In summary, the KGKPD algorithm excels in object detection tasks, not only leading in accuracy over most comparison algorithms but also offering advantages in speed, parameter efficiency, and computational efficiency. These results indicate that KGKPD is an efficient and accurate object detection algorithm with broad application potential.

4.3.5. Energy Consumption Estimation

In the current era of rapid technological advancement, energy consumption has become one of the key indicators for evaluating the performance and practicality of algorithms. For road target detection algorithms, accurately estimating their energy consumption holds significant importance in multiple aspects. Firstly, energy consumption directly affects the feasibility and sustainability of an algorithm in real-world applications. In many practical deployment scenarios, such as mobile devices, edge computing devices, or resource-constrained traffic monitoring systems, energy supply is often limited. An energy-efficient algorithm can operate for longer periods, reducing the dependence on energy replenishment and thereby enhancing the overall availability and reliability of the system.

To comprehensively evaluate the efficiency and practical applicability of the KGKPD algorithm, we conducted an estimation of its energy consumption. The experiments utilized the Zeus package to calculate the energy consumption during both the training and evaluation processes of the KGKPD algorithm.

\begin{aligned} P_{total} & = P_{train} + P_{inference}, \\ P_{train} & = \frac{E_{train}}{T_{train}}, \\ P_{inference} & = \frac{E_{val}}{T_{val}}, \end{aligned}

(16)

where

P

represents the power (W),

T

represents the time in seconds (s), and

E

represents the energy in joules (J). After calculation, we obtain

W_{total} = [9.06 \times 10^{6} (J)] / [9.38 \times 10^{4} (s) = 96.59 (W)]

Figure 11.

Diagram of Comparative Experimental Results.

Figure 12.

Noise Addition Experiment Comparison Figure.

Figure 13.

Visualization of Different Noise Levels.

4.4. Visualization Results

Figure 11 presents a detailed comparison of the performance of various object detection algorithms. Through an in-depth analysis, it is evident that the KGKPD algorithm demonstrates outstanding performance in object detection tasks. Compared to other algorithms, the KGKPD algorithm not only accurately identifies predefined target objects but also exhibits superior suppression capability when handling non-target objects. This significantly reduces the false positive rate, thereby enhancing the reliability of the detection results. In contrast, some other algorithms often suffer from missed detections and false detections during the detection process. Missed detection refers to the failure of the algorithm to recognize an object present in the image, while false detection occurs when the algorithm mistakenly identifies background or non-target objects as targets. These issues directly affect the accuracy and reliability of the detection results, thereby impacting the effectiveness of the algorithm in practical applications. In the image on the far right, it is evident that only the KGKPD model successfully identified the two individuals in the top left corner of the image. Other models failed to accurately detect these targets, resulting in their omission or misclassification. Overall, the results presented in Figure 11 conclusively demonstrate the superiority of the KGKPD algorithm in object detection tasks.

4.5. Robustness Study

We carefully designed two sets of comparative experiments. In the experimental group, images in the training dataset were subjected to noise addition with a probability of 0.5, and the addition of salt-and-pepper noise was dynamically adjusted based on the local features of the images. For instance, in high-contrast regions of the images, the intensity and probability of noise could be appropriately increased, as the features in these regions are more pronounced and relatively more robust to noise. Conversely, in low-contrast regions, the intensity and probability of noise were reduced to avoid excessive interference with the target features.
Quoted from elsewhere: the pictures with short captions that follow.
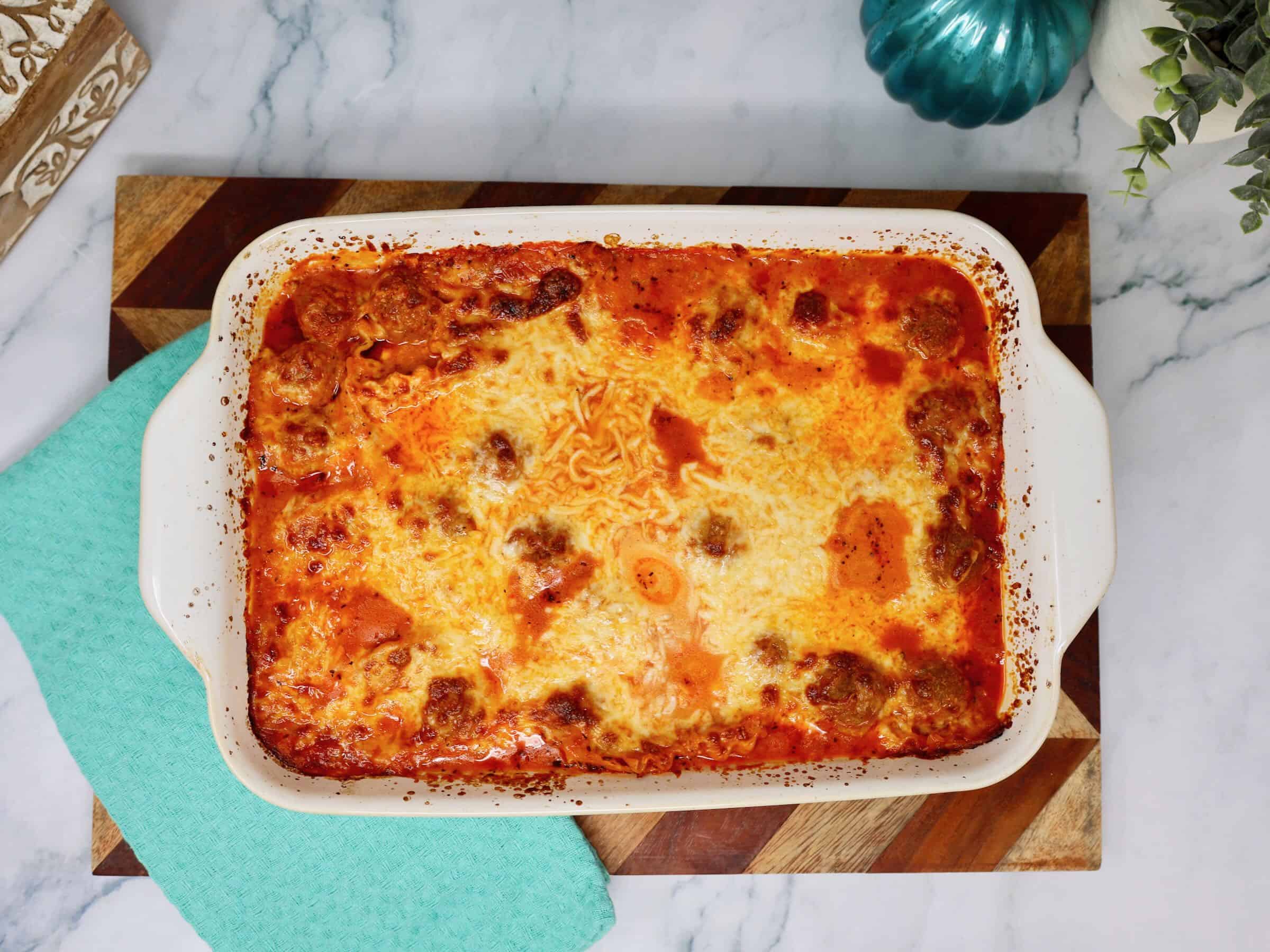 Homemade lazy lasagna topped with golden melted mozzarella cheese, easy dinner recipe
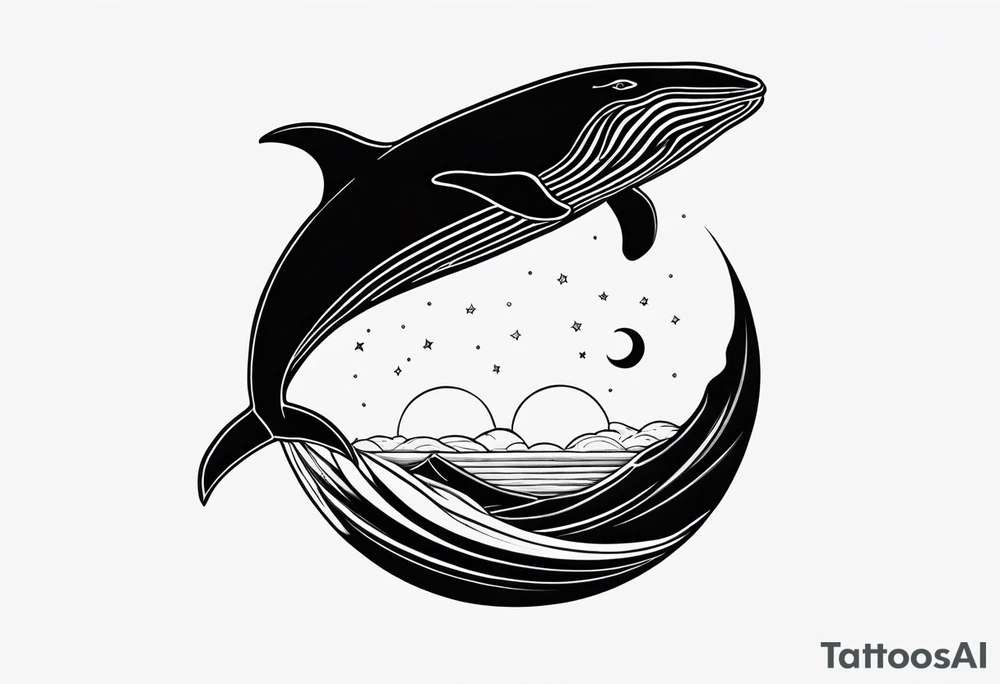 Whale jumping over a crescent moom tattoo idea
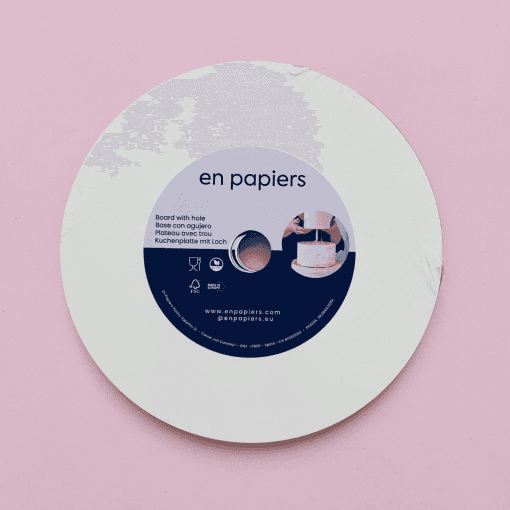 Bases De Madera Redondas Blancas "en Papiers" Con Orificio Central - 20 Cm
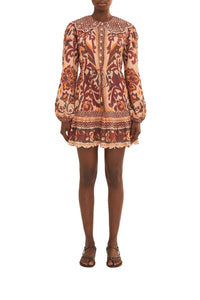 Cotton toucans short dress - Red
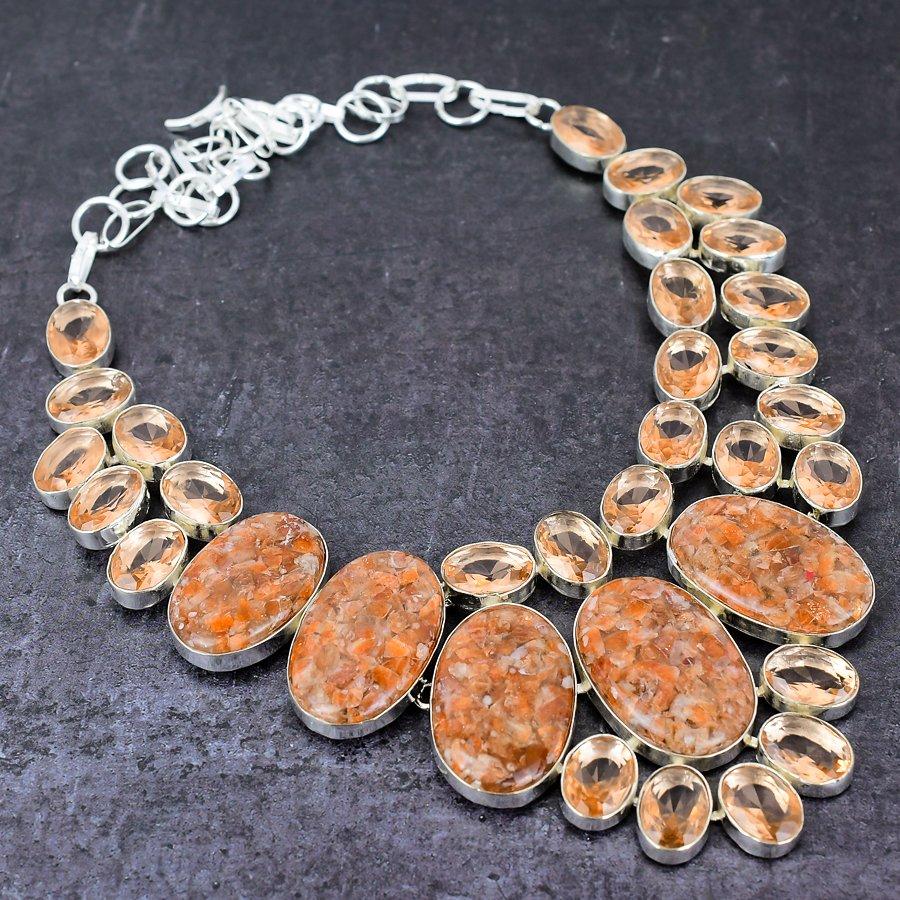 Ожерелье из серебра 925 пробы с клубничным кварцем и морганитом 18 дюймов L5i59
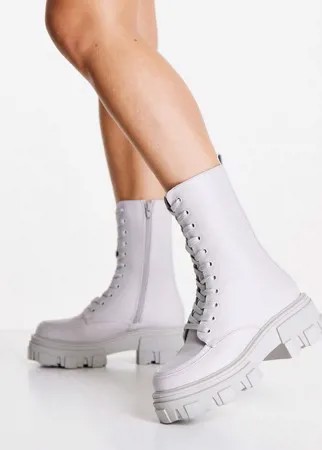 Серые массивные ботинки на шнуровке ASOS DESIGN Acoustic-Серый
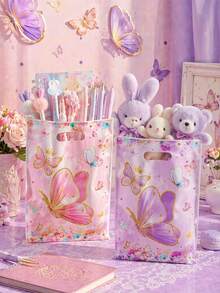 10/20/50pcs Butterfly Gift Bags, Pink Purple Butterfly Print Party Favor Bags, Plastic Party Supplies, Suitable For Baby Shower Decoration, Girls Birthday Party - Multicolor - View 7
The control group, on the other hand, maintained the original state of the images without any noise processing, providing a baseline reference for the experiment without noise interference. By comparing the network performance between the experimental and control groups, we were able to quantitatively assess the specific impact of salt-and-pepper noise on network performance, thereby providing a solid basis for network optimization and improvement.

Figure 12 illustrates the changes in detection accuracy of the network under different noise conditions, clearly presenting the differences in detection accuracy between the experimental and control groups. The experimental results showed that the experimental group with salt-and-pepper noise interference had a significantly higher robustness compared to the control group without noise, indicating that the network had developed a certain degree of adaptability to salt-and-pepper noise and could maintain a relatively stable performance in noisy environments.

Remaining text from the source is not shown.